Task material.
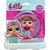 Miniatura Colecionavel LOL Single Collection - UNID - Imagem 3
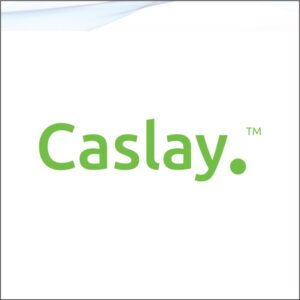 Caslay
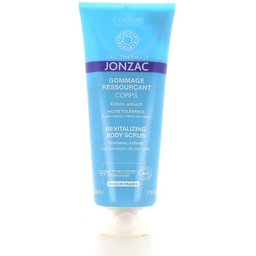 Exfoliante Revitalizante Corporal 200ml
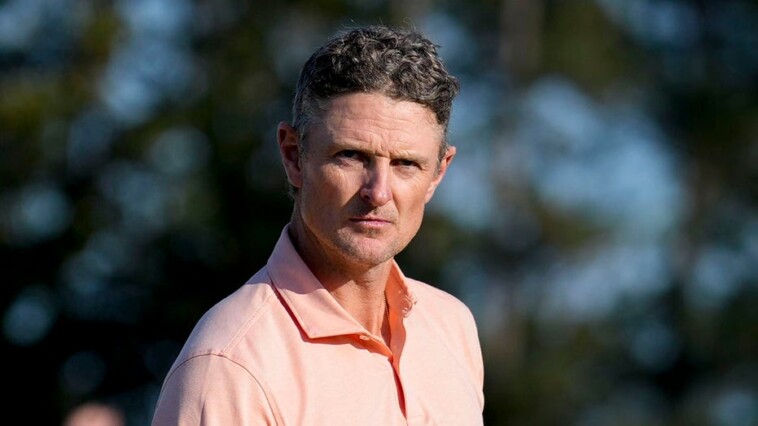 justin-rose-feeling-‘tormented’-after-losing-masters-in-playoff-again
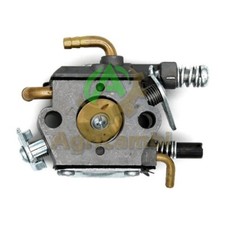 Carburatore per motosega
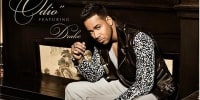 natti natasha romeo santos formula vol 2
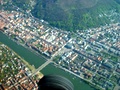 dsc01363.jpg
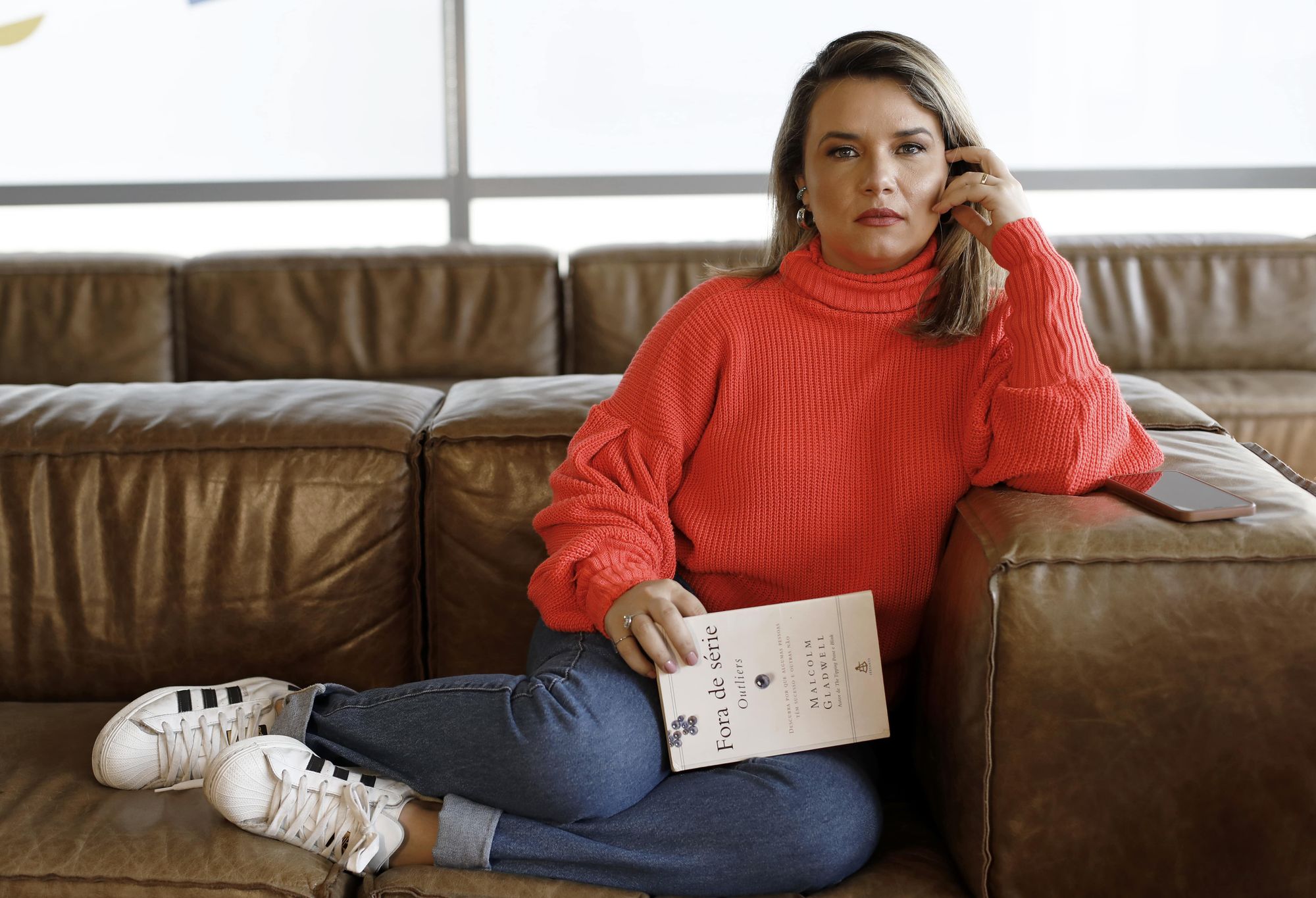 BNDES Garagem realiza Roadshow em São Paulo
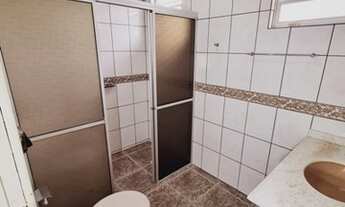 Imagem 4: Imediações da Havan Bairro Jardim Cidade de Florianópolis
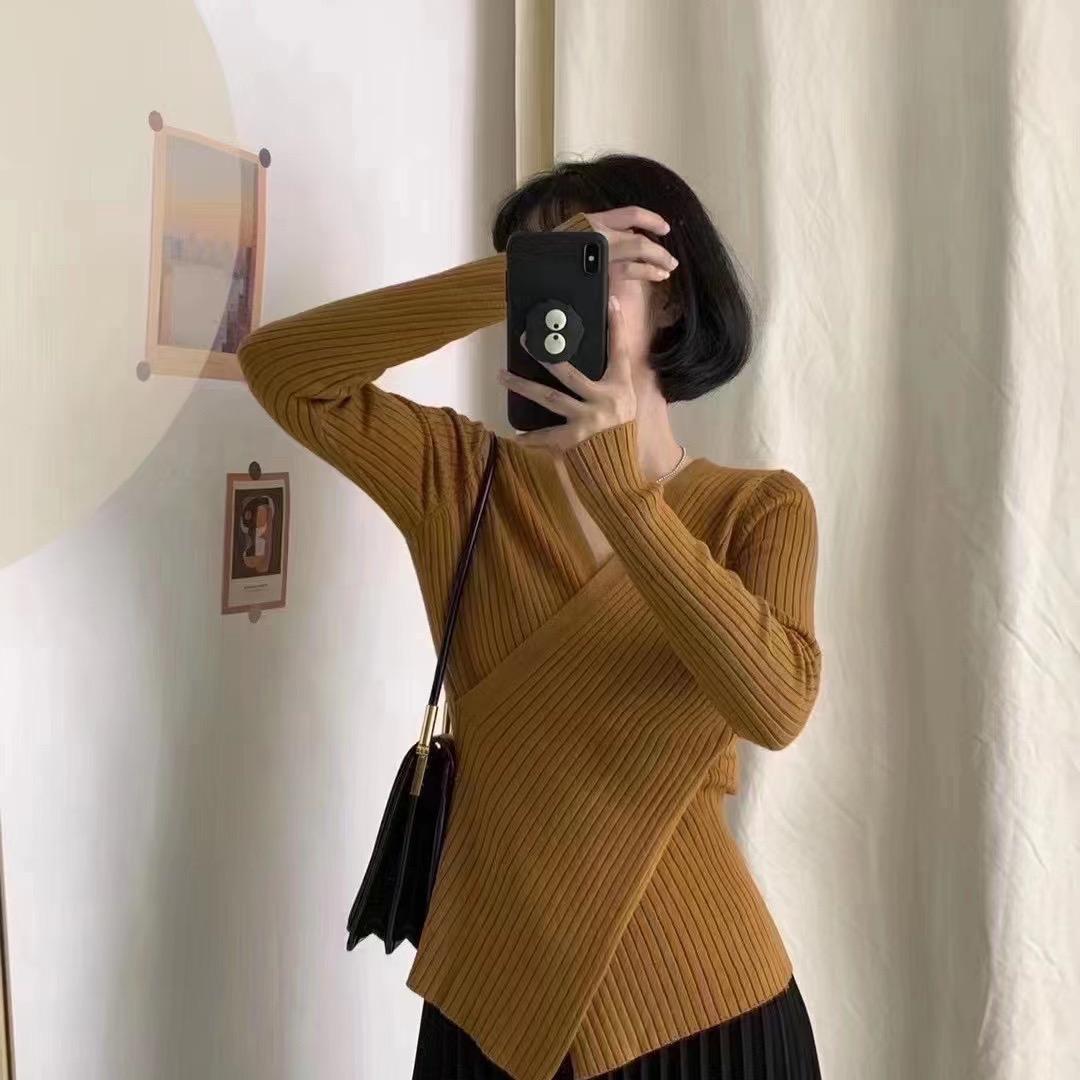 郑州银基燕姐女装店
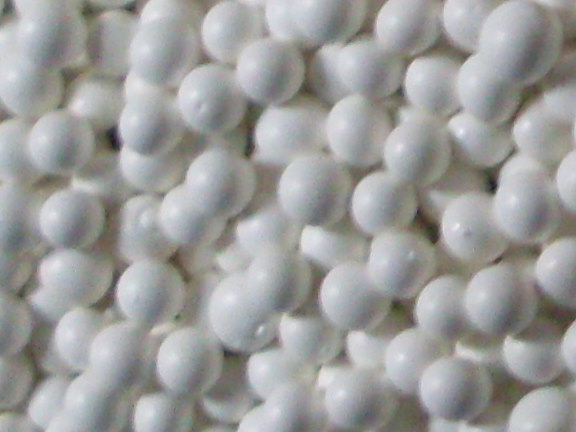 30�������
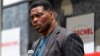 Herschel Walker's Son Lashes Out at Dad After News Report the Senate GOP Nominee Paid for an Abortion in 2009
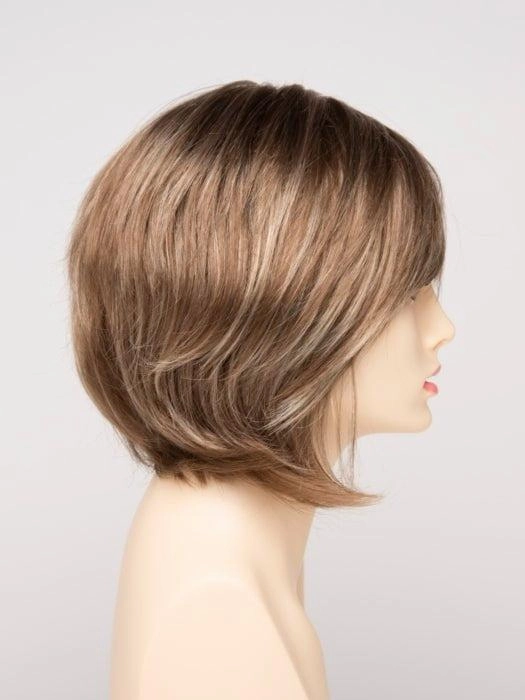 Accessories_Envy_Wigs Juliet | Synthetic Lace Front Wig (Mono Part)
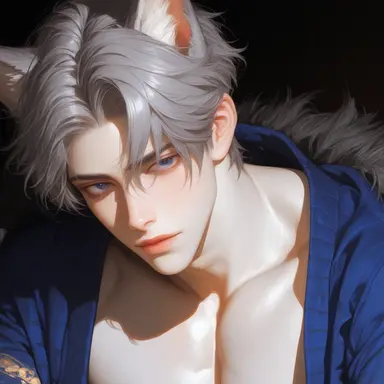 Profile image of 이든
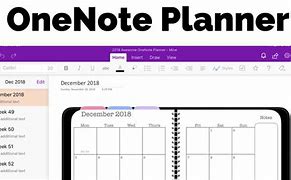 Image result for OneNote Templates for Journaling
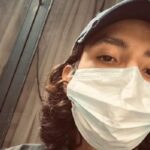 Santiago Murillo: joven que murió en Ibagué durante las protestas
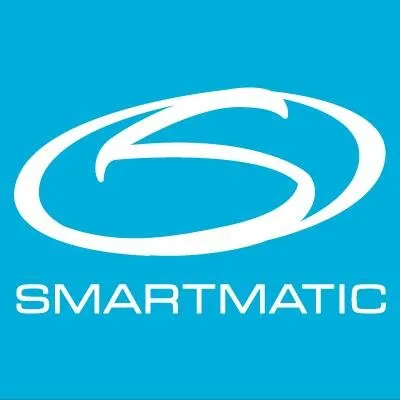 Smartmatic logo
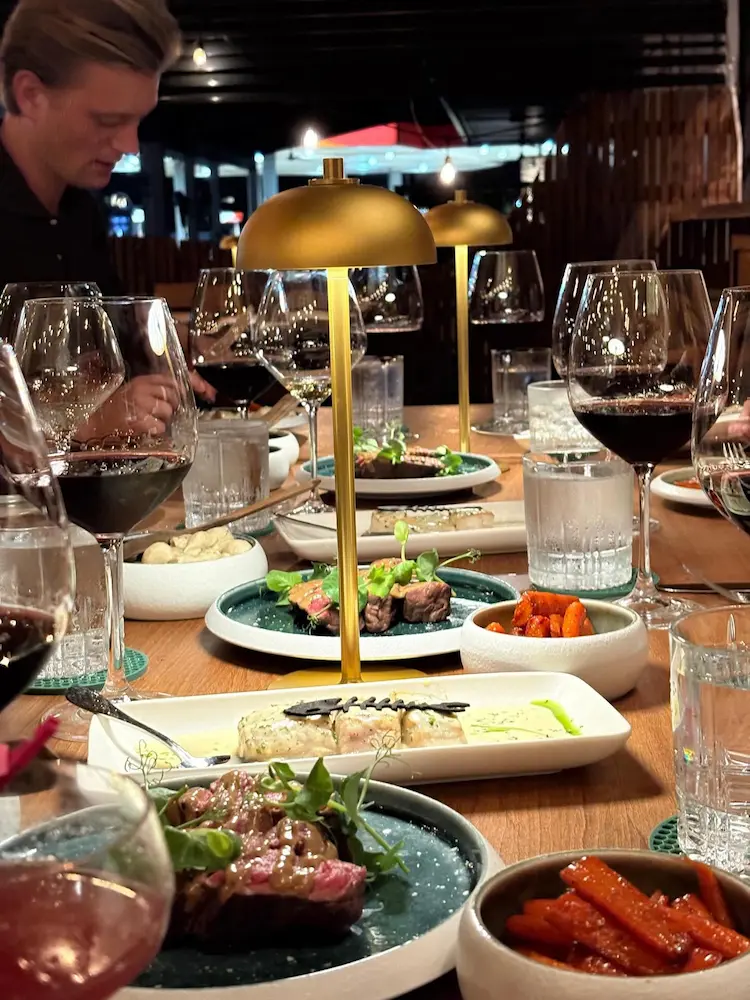 egorestaurant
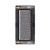 Ear Speaker For Huawei Y6 2018 By - Maxbhi Com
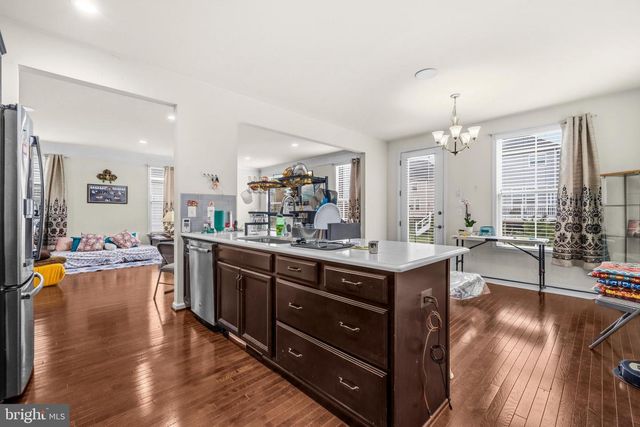 42029 SPRUCE POINT CT, Brambleton, VA 20148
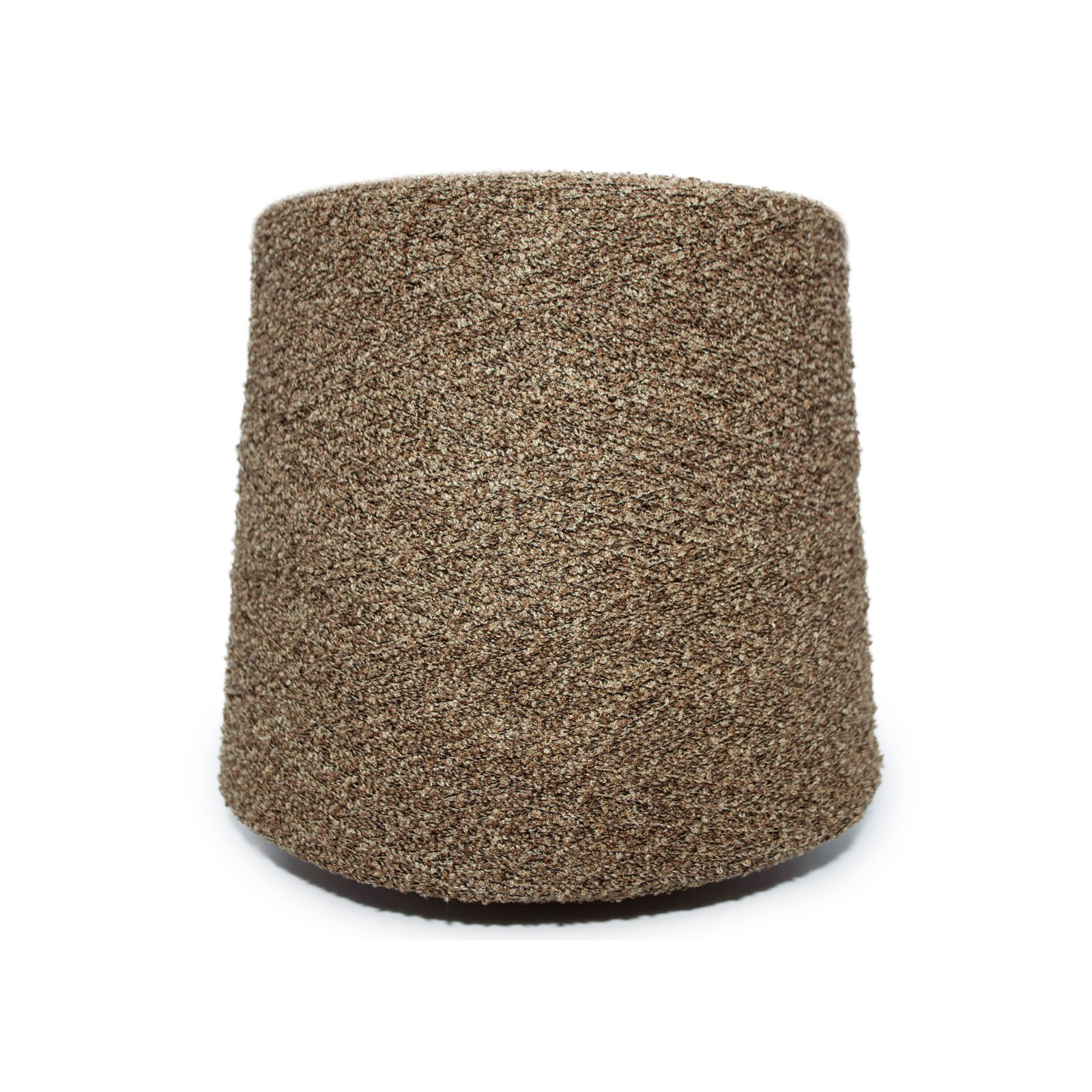100% Silk, Boucle 100% Silk, Boucle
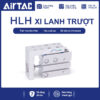 HLH16X30 Xi lanh trượt Airtac (HLH16-30)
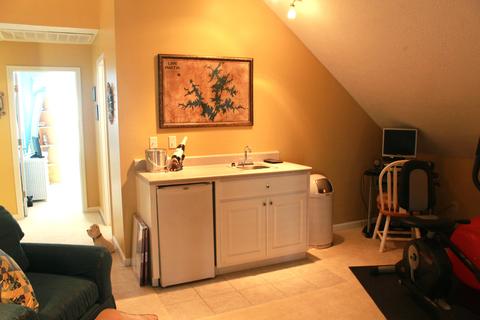 172 Pine, Eclectic, AL 36024 photo 26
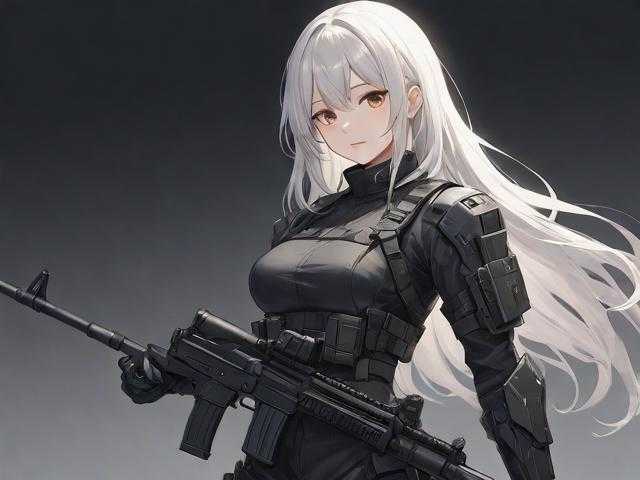 基础教程：打造完美游戏装备攻略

Task objective.
Pictures should not appear in the copy. Write out exactly the lines above from the first one through the line that contains "dsc01363.jpg".

Output below.
 Miniatura Colecionavel LOL Single Collection - UNID - Imagem 3
 Caslay
 Exfoliante Revitalizante Corporal 200ml
 justin-rose-feeling-‘tormented’-after-losing-masters-in-playoff-again
 Carburatore per motosega
 natti natasha romeo santos formula vol 2
 dsc01363.jpg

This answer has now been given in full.